The man walked to the desk, opened a drawer and pulled out a gun.

"The secretary said he didn't even have a gun in the office. He never owned a gun, but at some point, something overtook him. A decision was made."

Bam.

The man had shot himself in the chest and revealed a blood-stained undershirt.

"Is this story true or false? That puzzle might help," he said, pointing behind the group to dripping red letters on the wall. "Don't die alone like I did. Work as a team. When the elevator opens, your time is up."

Our task was to find a letter in the paragraph that appeared only one time. "The question is the answer," the last line read.

People shouted out letters at random before someone finally noticed there was only one 'y.' And then we realized, why. The question is the answer.

The gate to the service elevator opened and we filed inside. When they opened again, a young woman greeted us in German.

"Guten abend! Wie geht's?"

She continued speaking in German, signaling us to follow her further into the brewery.

"Wartet!" she shouted. Wait.

The woman left us on a balcony and appeared on the other side of the room. She gestured to the man next to her and a wheel started spinning. All of a sudden, the man was sucked into the wheel and his head flew over the side of the balcony, hung by chains.

"The button!" she screamed over the whirring of the machine. "Push the button!"

We frantically searched for a button. A woman in our group found one on the wall and pressed it, stopping the machine.

In English, the woman told us to pull up the chains hanging from our balcony.

Each chain had a body part at the bottom. We pulled up arms, legs, brains and heads -- random words were written on each one: jay, gee, eye, aye and etcetera.

We were told to find a letter that was not within the words.

What does that even mean?

We pulled up at least 20 body parts before it hit us. There is no I in eye.

In the next room, rows and rows of red and white bones hung above our heads. Our guide at this station led us to a hot tub-like tank. He told us he needed to go check something out. Stay back, he warned.
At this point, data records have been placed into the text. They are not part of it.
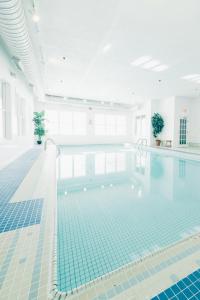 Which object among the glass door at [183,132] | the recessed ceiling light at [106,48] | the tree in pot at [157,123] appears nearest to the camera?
the recessed ceiling light at [106,48]

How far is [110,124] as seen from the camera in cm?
1380

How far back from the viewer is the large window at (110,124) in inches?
523

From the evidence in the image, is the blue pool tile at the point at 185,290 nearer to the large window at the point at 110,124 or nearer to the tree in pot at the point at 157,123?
the tree in pot at the point at 157,123

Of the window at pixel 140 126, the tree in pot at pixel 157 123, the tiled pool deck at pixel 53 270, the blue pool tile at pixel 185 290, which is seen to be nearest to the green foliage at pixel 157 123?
the tree in pot at pixel 157 123

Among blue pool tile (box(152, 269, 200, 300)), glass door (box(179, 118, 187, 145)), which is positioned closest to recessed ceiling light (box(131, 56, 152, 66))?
blue pool tile (box(152, 269, 200, 300))

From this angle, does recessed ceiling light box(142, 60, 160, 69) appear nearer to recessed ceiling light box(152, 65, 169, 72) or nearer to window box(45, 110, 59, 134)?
Answer: recessed ceiling light box(152, 65, 169, 72)

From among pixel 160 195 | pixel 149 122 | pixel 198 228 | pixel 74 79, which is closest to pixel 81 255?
pixel 198 228

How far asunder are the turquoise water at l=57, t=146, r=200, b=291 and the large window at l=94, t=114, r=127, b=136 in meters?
9.29

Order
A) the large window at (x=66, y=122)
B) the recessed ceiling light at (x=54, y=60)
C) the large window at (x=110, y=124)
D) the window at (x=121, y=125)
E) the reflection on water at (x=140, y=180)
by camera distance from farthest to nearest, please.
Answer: the window at (x=121, y=125), the large window at (x=110, y=124), the large window at (x=66, y=122), the recessed ceiling light at (x=54, y=60), the reflection on water at (x=140, y=180)

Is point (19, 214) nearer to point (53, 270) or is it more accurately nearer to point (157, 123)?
point (53, 270)

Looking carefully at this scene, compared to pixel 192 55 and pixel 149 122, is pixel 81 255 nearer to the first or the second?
pixel 192 55

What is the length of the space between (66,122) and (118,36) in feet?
29.7

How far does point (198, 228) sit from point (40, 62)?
5774 millimetres

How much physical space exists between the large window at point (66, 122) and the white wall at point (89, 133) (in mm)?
292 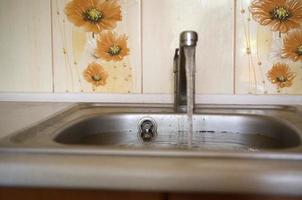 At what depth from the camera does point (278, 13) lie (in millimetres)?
887

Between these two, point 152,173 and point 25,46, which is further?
point 25,46

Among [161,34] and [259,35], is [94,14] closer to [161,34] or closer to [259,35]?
[161,34]

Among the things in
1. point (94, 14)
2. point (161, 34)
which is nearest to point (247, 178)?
point (161, 34)

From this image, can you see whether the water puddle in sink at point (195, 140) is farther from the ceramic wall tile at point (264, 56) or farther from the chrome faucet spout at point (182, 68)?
the ceramic wall tile at point (264, 56)

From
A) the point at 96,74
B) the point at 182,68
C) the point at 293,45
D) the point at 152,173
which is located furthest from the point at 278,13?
the point at 152,173

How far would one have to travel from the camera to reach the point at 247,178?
41 centimetres

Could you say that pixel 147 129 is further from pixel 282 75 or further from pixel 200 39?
pixel 282 75

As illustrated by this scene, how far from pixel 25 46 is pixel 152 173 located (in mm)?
727

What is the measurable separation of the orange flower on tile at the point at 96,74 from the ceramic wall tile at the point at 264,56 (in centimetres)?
41

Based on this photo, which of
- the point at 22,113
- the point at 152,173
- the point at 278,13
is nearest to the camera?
the point at 152,173

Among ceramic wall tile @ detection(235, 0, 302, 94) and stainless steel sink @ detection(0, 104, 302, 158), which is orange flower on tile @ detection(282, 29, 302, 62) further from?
stainless steel sink @ detection(0, 104, 302, 158)

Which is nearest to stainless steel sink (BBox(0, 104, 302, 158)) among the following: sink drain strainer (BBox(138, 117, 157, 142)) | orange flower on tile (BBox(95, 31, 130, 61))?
sink drain strainer (BBox(138, 117, 157, 142))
"Oh, someone left a stick in there. I'll just grab that real quick," he said.

NO! Our group screamed collectively, playing along.

He fell into the scalding hot tank and was presumably burned alive.

His bones were our next puzzle. Tablets hung from the ropes above with patterns of bones. We had to find the tablet that matched the bones above our head. The correct tablet would have the next letter we needed.

We quickly agreed the tablet containing the letter 'L' seemed like the best match. As we left that station, we passed through plastic-lined rooms, splattered with blood. A trail of crumpled-up papers led us to a woman at a typewriter.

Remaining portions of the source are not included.